## Dataset records

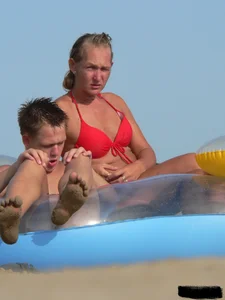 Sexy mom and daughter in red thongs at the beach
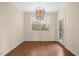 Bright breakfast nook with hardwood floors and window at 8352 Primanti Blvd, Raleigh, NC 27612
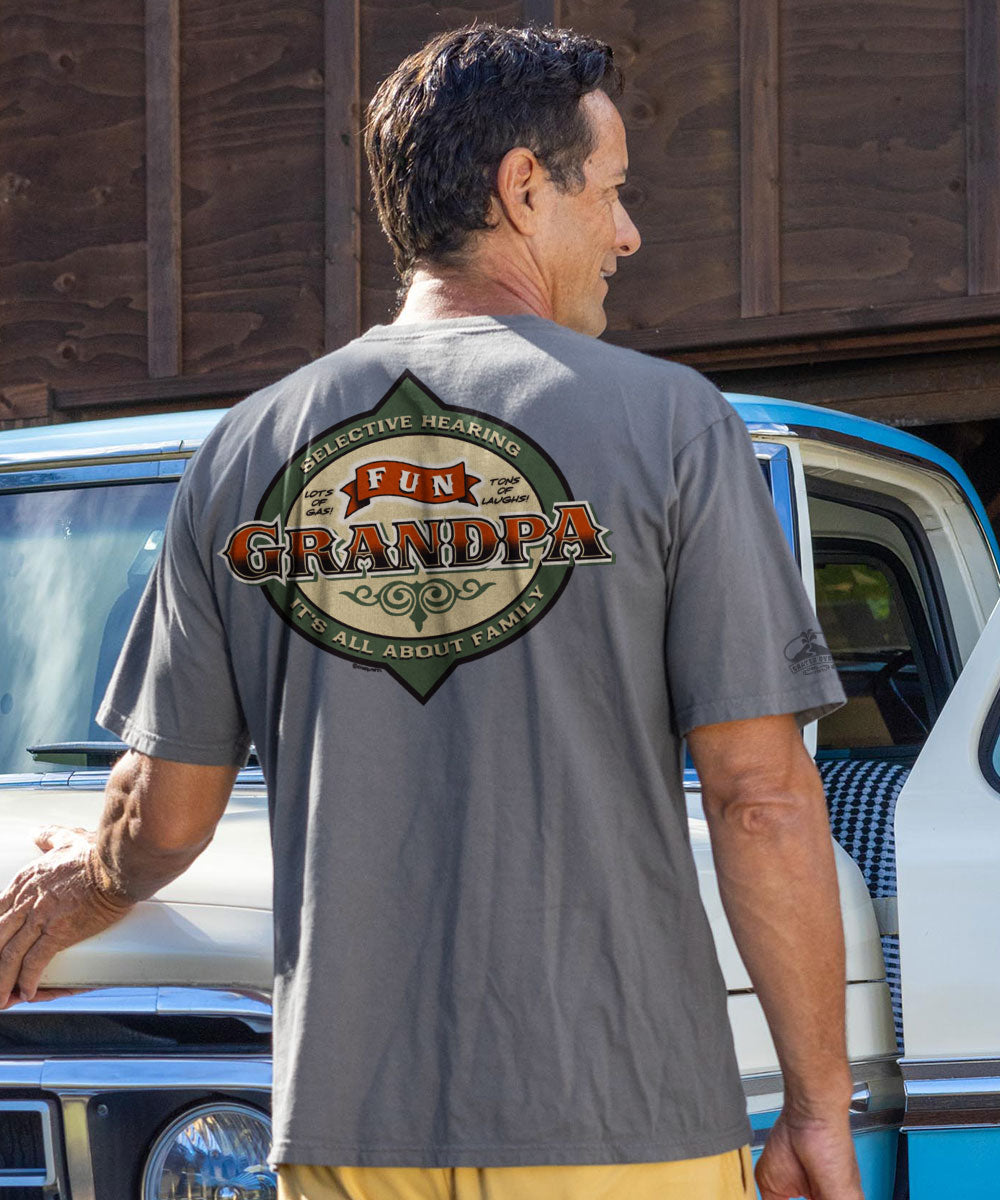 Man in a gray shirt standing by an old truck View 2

==

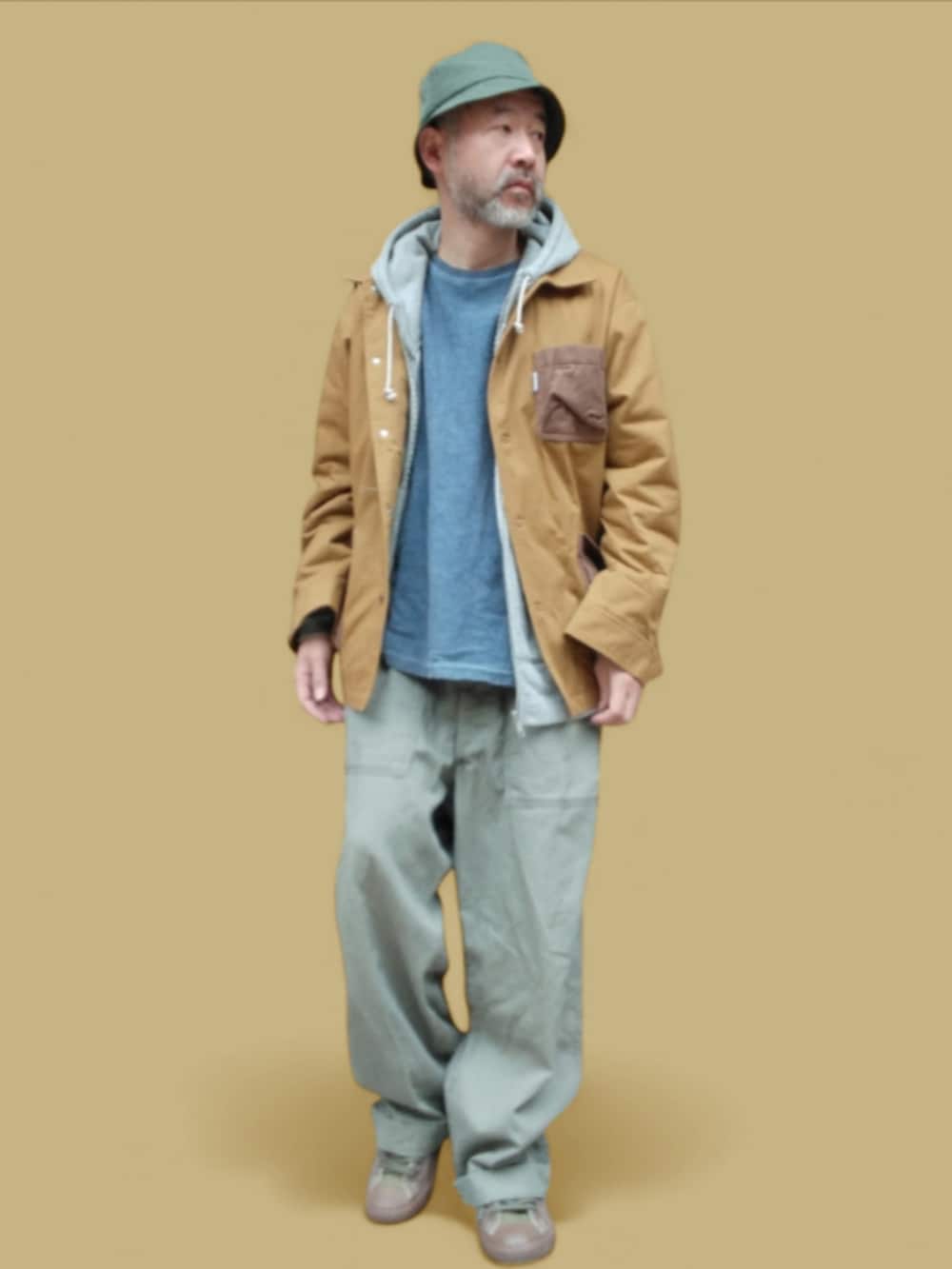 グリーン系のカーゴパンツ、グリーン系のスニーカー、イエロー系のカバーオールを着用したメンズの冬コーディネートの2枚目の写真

## Assignment
What's needed is an exact copy of the records above from the line containing "Sexy mom and" down to the line containing "Man in a gray", both included, without any pictures.

## Response below
 Sexy mom and daughter in red thongs at the beach
 Bright breakfast nook with hardwood floors and window at 8352 Primanti Blvd, Raleigh, NC 27612
 Man in a gray shirt standing by an old truck View 2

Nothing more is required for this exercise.